Safety and Concentration Limits
The Cosmetic Ingredient Review (CIR) Expert Panel, which independently evaluates the safety of cosmetic ingredients in the U.S., has assessed SCI twice. The original 1993 review concluded it was safe at concentrations up to 50% in rinse-off products (like shampoo and body wash) and up to 17% in leave-on products (like lotions and creams). A later amended review expanded the conclusion, finding SCI and eleven related isethionate salts safe at current practices of use and concentration, provided products are formulated to be non-irritating.

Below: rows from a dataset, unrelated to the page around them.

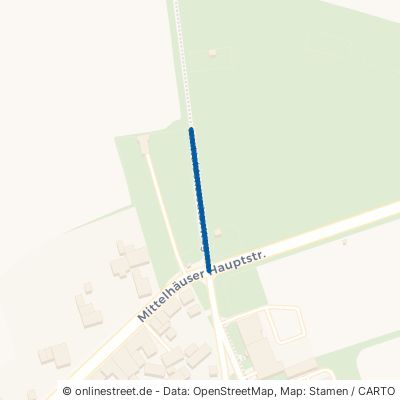 Holdenstedter Weg Allstedt Mittelhausen 
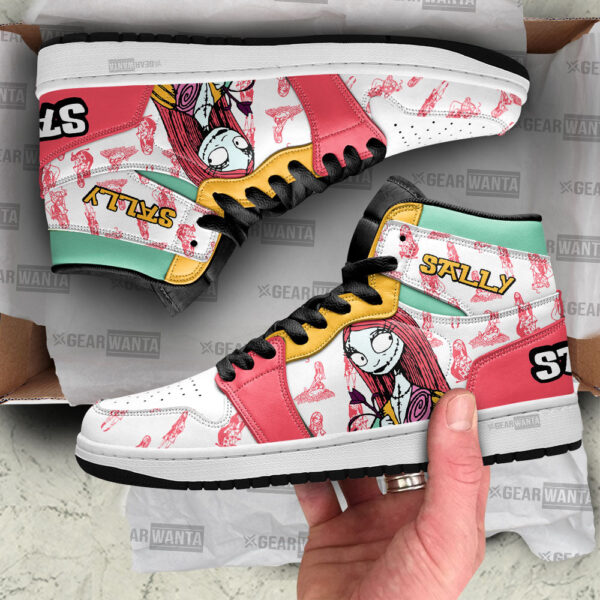 Tubopro Sally AJ1 High Sneakers Shoes For Men And Women - Image 2
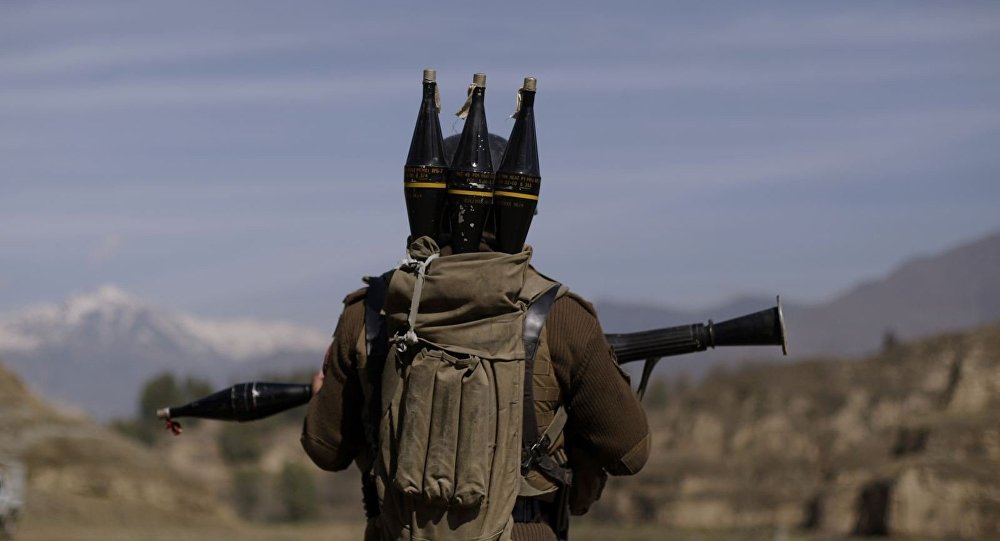 PKK terrorçusu özünü belə vurdu – VİDEO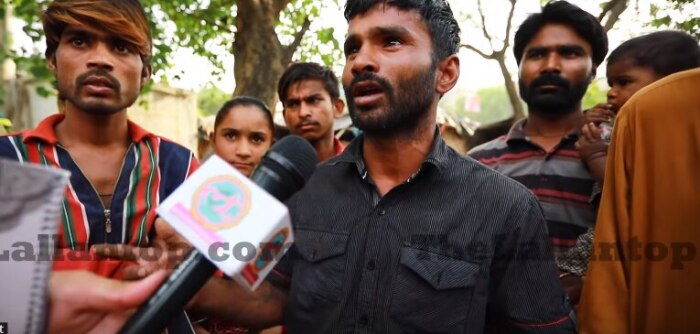 पाकिस्तान से भारत में आए शरणार्थी.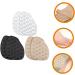 FOMIYES 12 Pairs High Heel Pads | Nonslip Metatarsal Foot Pads for Women | Soft Forefoot Insoles & Stickers for Comfortable Walking - Buy Online on GoSupps.com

In practical terms, this means SCI has a wide safety margin. Most consumer products contain it well below the 50% ceiling. The “formulated to be non-irritating” caveat is standard language acknowledging that any surfactant at high enough concentration, left on skin long enough, can cause some degree of irritation.
Environmental Profile
SCI performs well on environmental metrics. According to EPA testing data, it is classified as readily biodegradable, meaning microorganisms in water and soil break it down relatively quickly. It also has a very low tendency to bioaccumulate, so it doesn’t build up in the food chain the way some persistent chemicals do.

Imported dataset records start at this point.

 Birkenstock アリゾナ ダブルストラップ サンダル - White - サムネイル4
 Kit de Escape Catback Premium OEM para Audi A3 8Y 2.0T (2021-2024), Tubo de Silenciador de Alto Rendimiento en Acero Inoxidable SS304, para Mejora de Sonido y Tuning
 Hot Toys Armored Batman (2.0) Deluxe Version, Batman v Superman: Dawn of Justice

Aquatic toxicity testing shows SCI is only slightly toxic to fish, invertebrates, and algae. For context, the concentrations needed to harm aquatic organisms in lab settings (above 25 mg/L for fish, above 32 mg/L for invertebrates like water fleas) are far higher than what reaches waterways from normal consumer use after wastewater treatment. Bacteria used in toxicity screening showed no harmful effects even at concentrations above 1,000 mg/L. None of this means SCI is completely inert in the environment, but among commonly used surfactants, its ecological footprint is relatively small.
How SCI Compares to Other Surfactants
- SCI vs. sodium lauryl sulfate (SLS): SLS is a stronger cleanser and produces abundant foam, but it’s significantly more irritating to skin. SCI is the go-to swap for people who find SLS-based products drying or reactive.
- SCI vs. sodium coco sulfate (SCS): Both are coconut-derived and synthetic. SCS is essentially a broader-spectrum version of SLS (it contains SLS along with other coconut fatty acid sulfates). SCS is milder than pure SLS but still more irritating than SCI. SCI’s larger molecular structure gives it the edge in gentleness.
- SCI vs. traditional soap: True soap (saponified oils) is alkaline, typically with a pH around 9 to 10. SCI-based bars can be formulated closer to skin’s natural pH of around 5. This matters because alkaline cleansers temporarily disrupt the skin’s acid mantle, which can worsen dryness and irritation over time.
Potential Drawbacks
SCI isn’t perfect for every application. Because it’s a solid at room temperature, formulators working with liquid products need to melt or dissolve it, which can complicate manufacturing. It’s also a less powerful degreaser than SLS, so if you’re trying to remove heavy oils, industrial grime, or very strong hair styling products, SCI alone may not cut it. Many formulations pair it with a secondary surfactant to boost cleansing power while keeping the overall formula gentle.
Some people with coconut allergies wonder whether SCI is safe for them. The fatty acids in SCI are so heavily processed that the proteins responsible for coconut allergies are no longer present. However, if you have a confirmed coconut allergy and are concerned, patch testing a small area of skin before full use is a reasonable precaution.